La Fédération internationale des ligues des droits de l'homme (FIDH) et la Ligue des droits de l'homme (LDH) accusent cette filiale du groupe Bull d'avoir fourni au régime de Mouammar Kadhafi, à partir de 2007, "un système de surveillance des communications destiné à surveiller la population libyenne".

Elles ont déposé une plainte contre X avec constitution de partie civile auprès du Tribunal de grande instance de Paris.

"Nous souhaitons que l'information judiciaire soit ouverte au plus vite afin de déterminer les éventuelles responsabilités pénales de la société Amesys et de ses dirigeants", écrit dans un communiqué Patrick Baudouin, président d'honneur de la FIDH.

La société Amesys a dénoncé la qualification sur laquelle la FIDH "semble fonder" cette plainte, la jugeant "inacceptable, calomnieuse et abusive".

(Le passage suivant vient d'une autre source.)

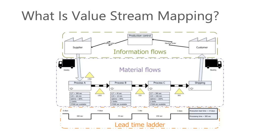A value stream map is a visual tool that displays all critical steps in a specific process and quantifies easily the time and volume taken at each stage.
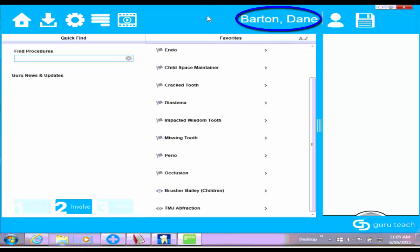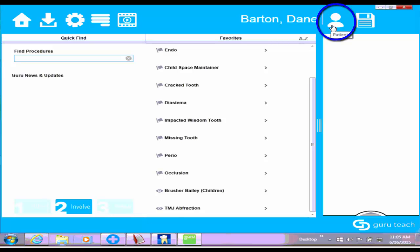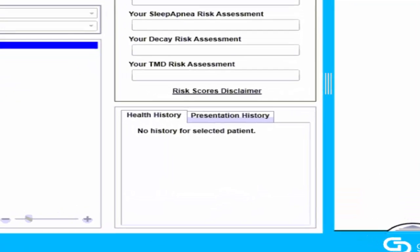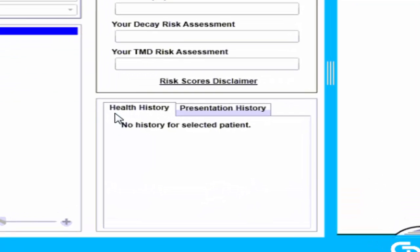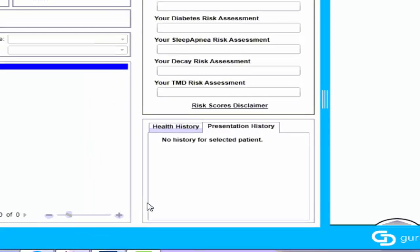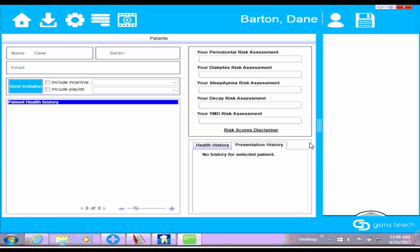To check if they have any history, I can click on the icon that looks like a person. That will open up the patient in Guru, and then I can click on either the health history or presentation history tabs down here at the bottom. It will tell me if they have any history in the Guru software. That's the first integration, if you want to check if they have history.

"Amesys considère que de telles imputations dépassent les bornes", ajoute l'entreprise dans un communiqué.

En août dernier, des journalistes du quotidien américain Wall Street Journal avaient découvert le logo de la société Amesys dans les locaux des services de renseignement libyen à Tripoli.

Citant des sources proches du dossier, le quotidien affirmait que, fin 2009, la société française avait équipé ce centre de surveillance Internet avec un système d'interception de communications appelé "Eagle", et qui aurait été utilisé pour espionner les opposants au régime.

Dans un communiqué datant du 1er septembre, Amesys avait reconnu avoir "signé un contrat en 2007 avec les autorités libyennes", avec "livraison du matériel" en 2008. Un contrat signé, selon l'entreprise, dans "un contexte international de rapprochement diplomatique".

Mais, ajoutait la société, ce contrat "concernait la mise à disposition d'un matériel d'analyse portant sur une fraction des connexions internet existantes (...) (et) n'incluait ni les communications internet via satellite - utilisées dans les cybercafés -, ni les données chiffrées - type Skype -, ni le filtrage de sites web (...) (ni) les lignes téléphoniques fixes ou mobiles".

"Amesys n'opère aucun centre d'écoute téléphonique ni internet à aucun point du globe", ajoutait le communiqué.

Au-delà des responsabilités individuelles au sein d'Amesys et de Bull, la FIDH s'interroge sur la responsabilité des autorités françaises qui, selon Michel Tubiana, président d'honneur de la LDH, "ne pouvaient pas ignorer cette vente".